GIVEN DATA ▸
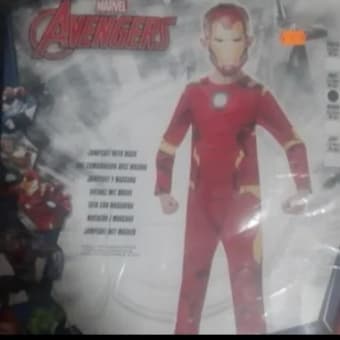 Пуримский костюм Iron Man, 104 см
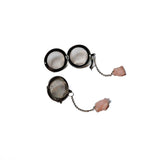 Rose Quartz Mesh Tea Ball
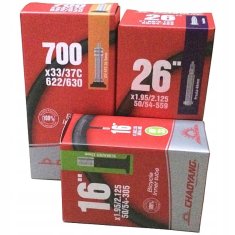 Zračnica za kolo 18x1,50/1,75 AV 33 (40/47-355)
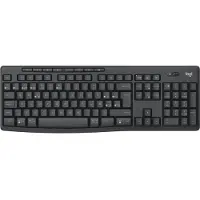 Logitech Mk370 Combo Trådløst Tastatur Og Mus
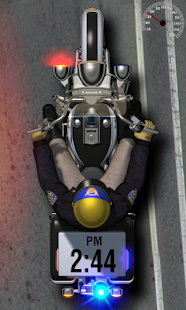 Free Download Motor Cop Alarm Clock APK for Android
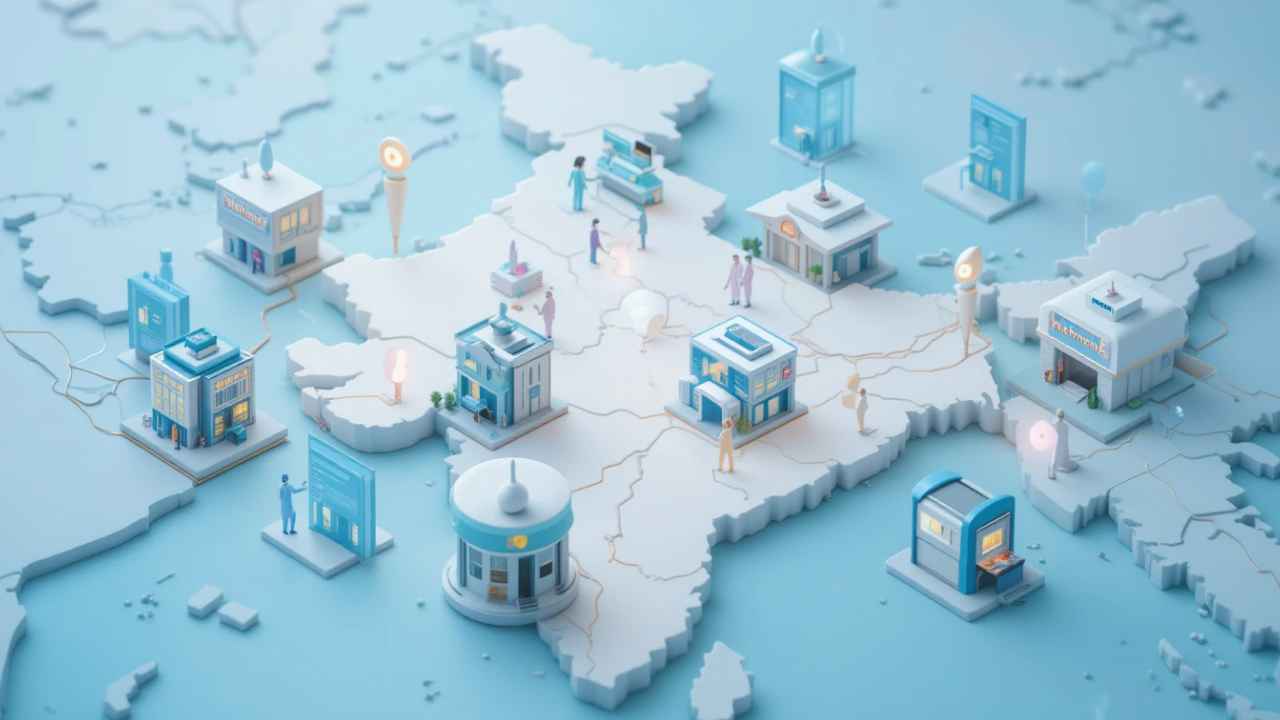 List of Hospitals empaneled under CGHS all over India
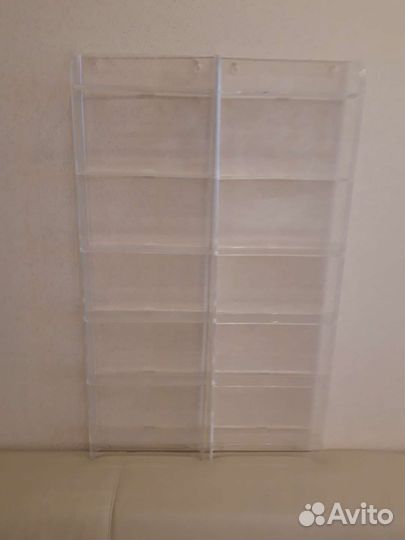 Полки стеллажи для лаков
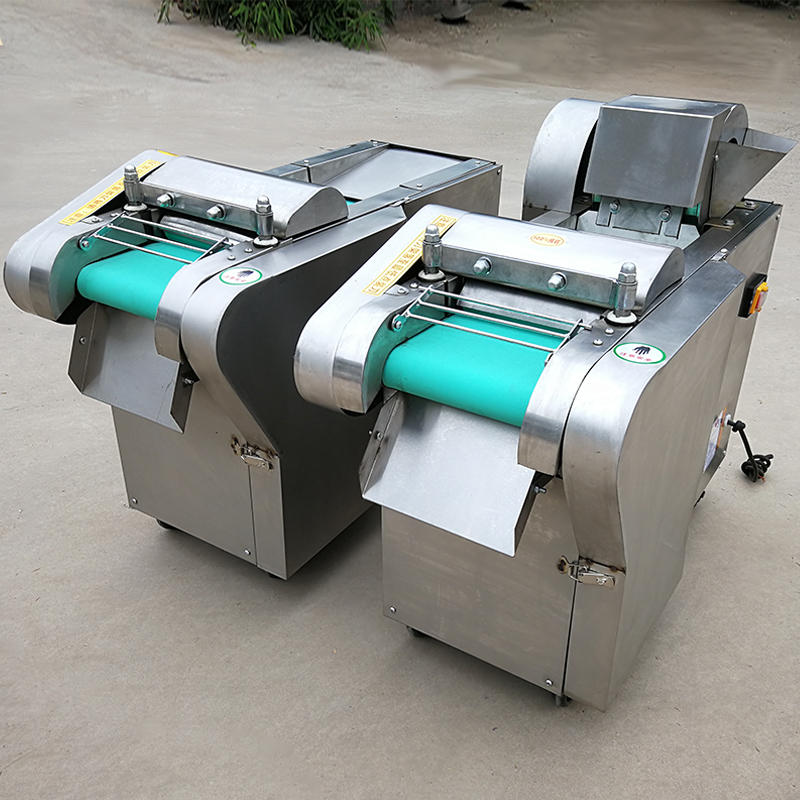 Vegetable cutter cut pepper millet pepper machine commercial cutting machine multi-function cutting circle artifact cutting leek machine sliced silk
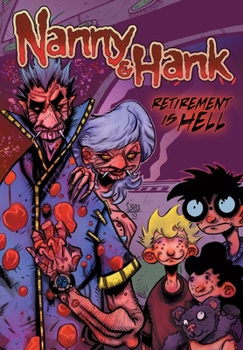 Paperback Nanny & Hank Book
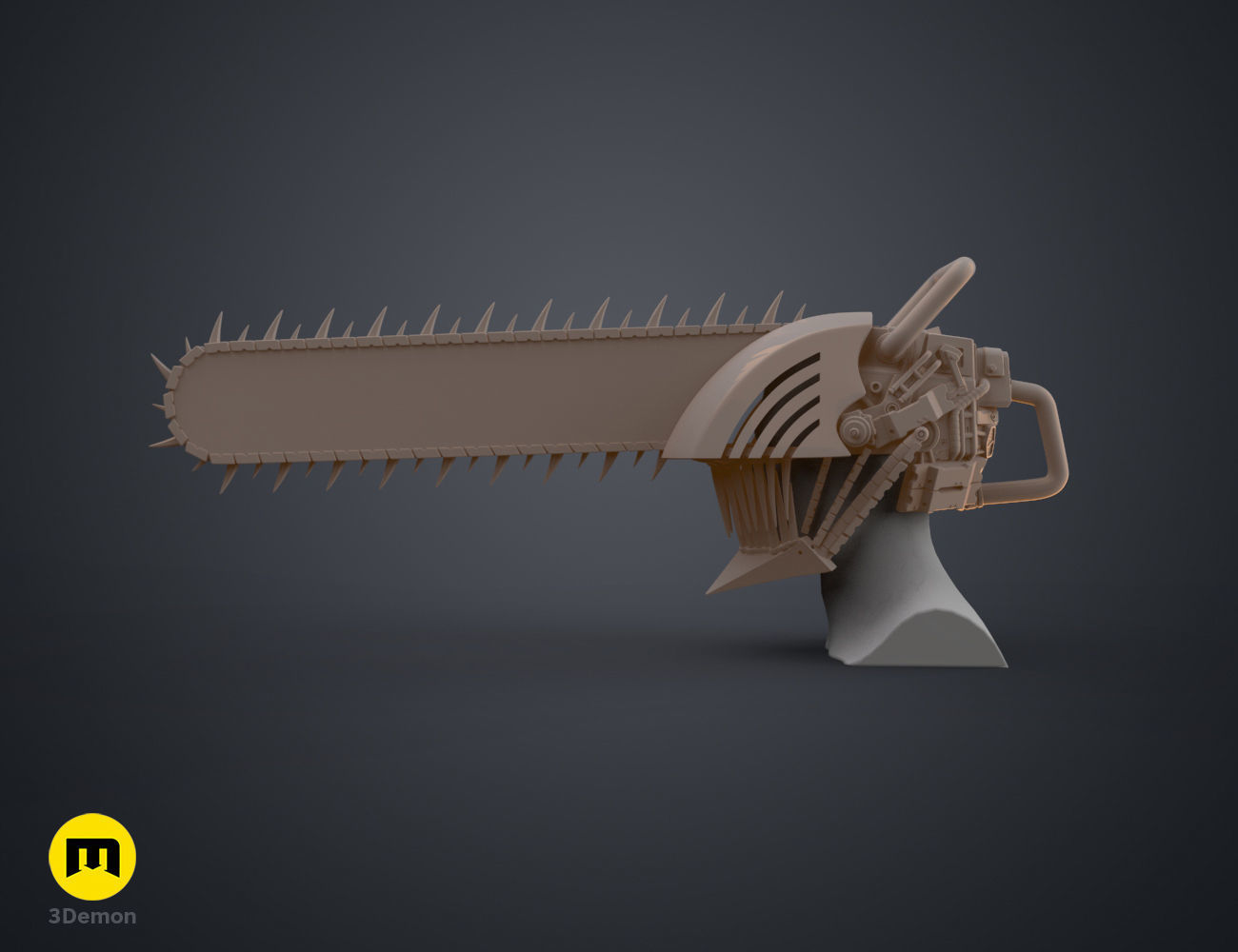 Chainsaw Man - Denji 3D print model_30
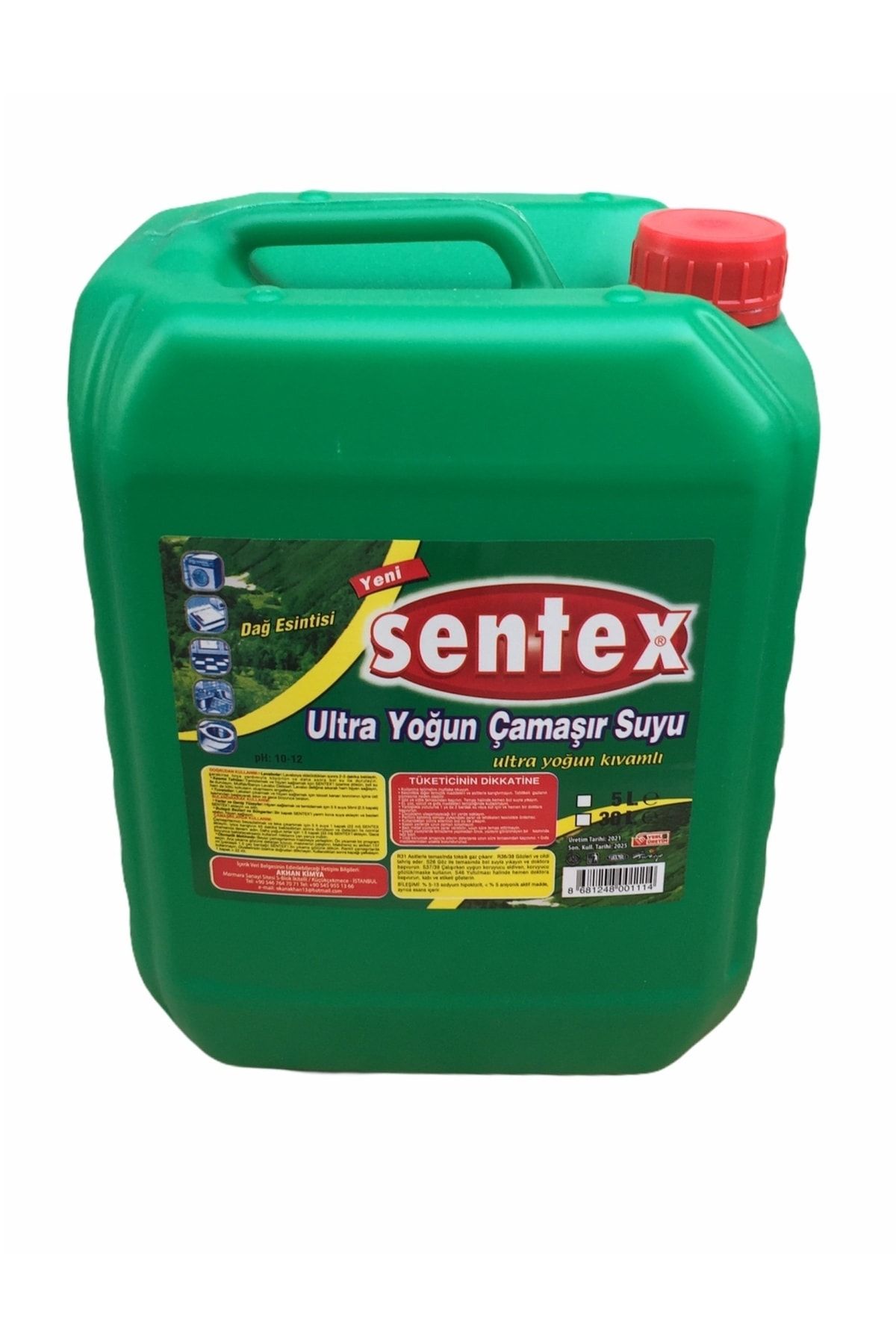 SENTEX Yoğun Çamaşır Suyu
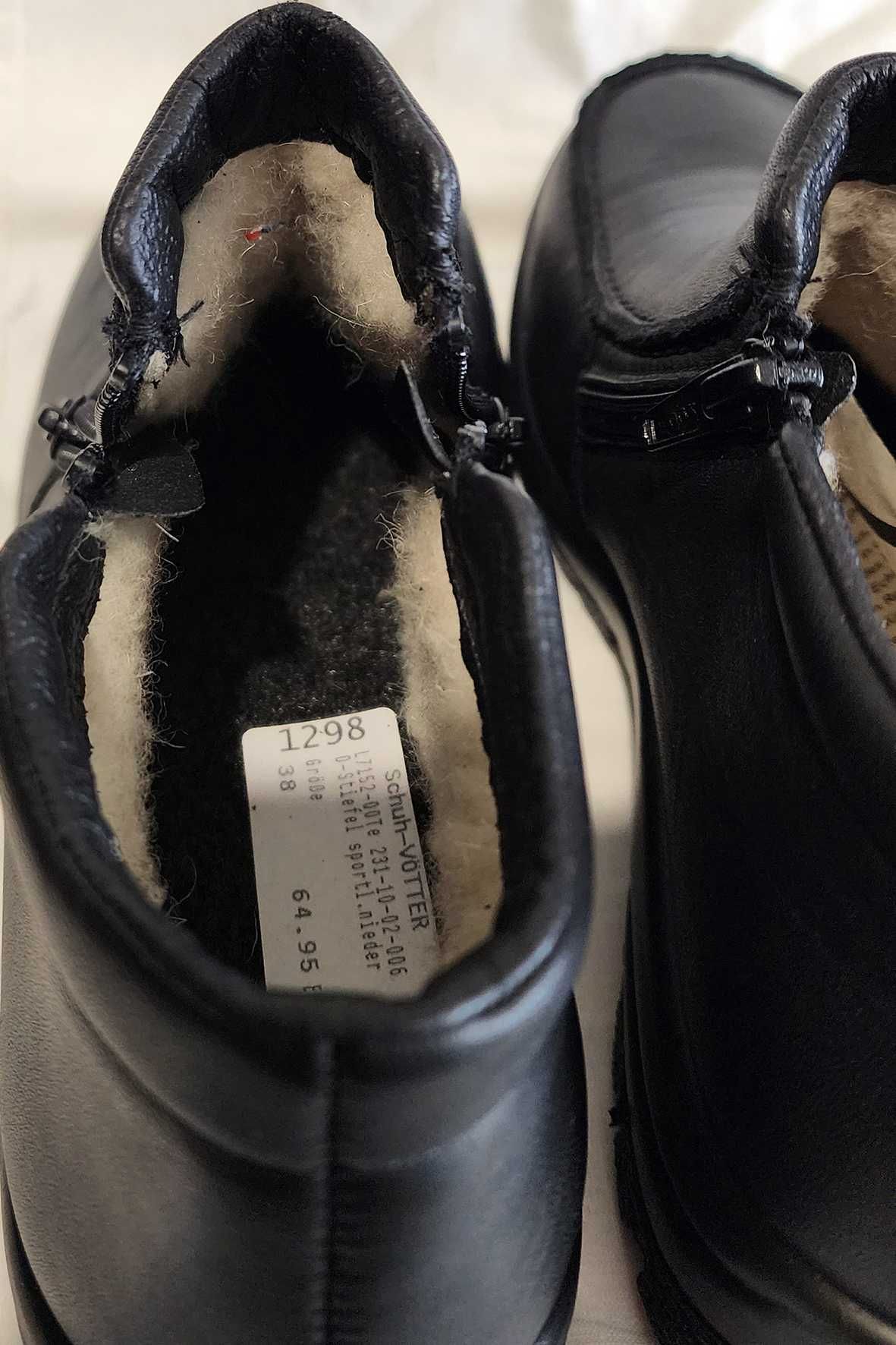 Женские ботинки фирмы Rieker 38 размера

TASK GOAL ▸ Say again, exactly, only those lines of the records that run from the start through the line with "Free Download Motor". Pictures are to be skipped.

FINISHED TASK ▸
 Пуримский костюм Iron Man, 104 см
 Rose Quartz Mesh Tea Ball
 Zračnica za kolo 18x1,50/1,75 AV 33 (40/47-355)
 Logitech Mk370 Combo Trådløst Tastatur Og Mus
 Free Download Motor Cop Alarm Clock APK for Android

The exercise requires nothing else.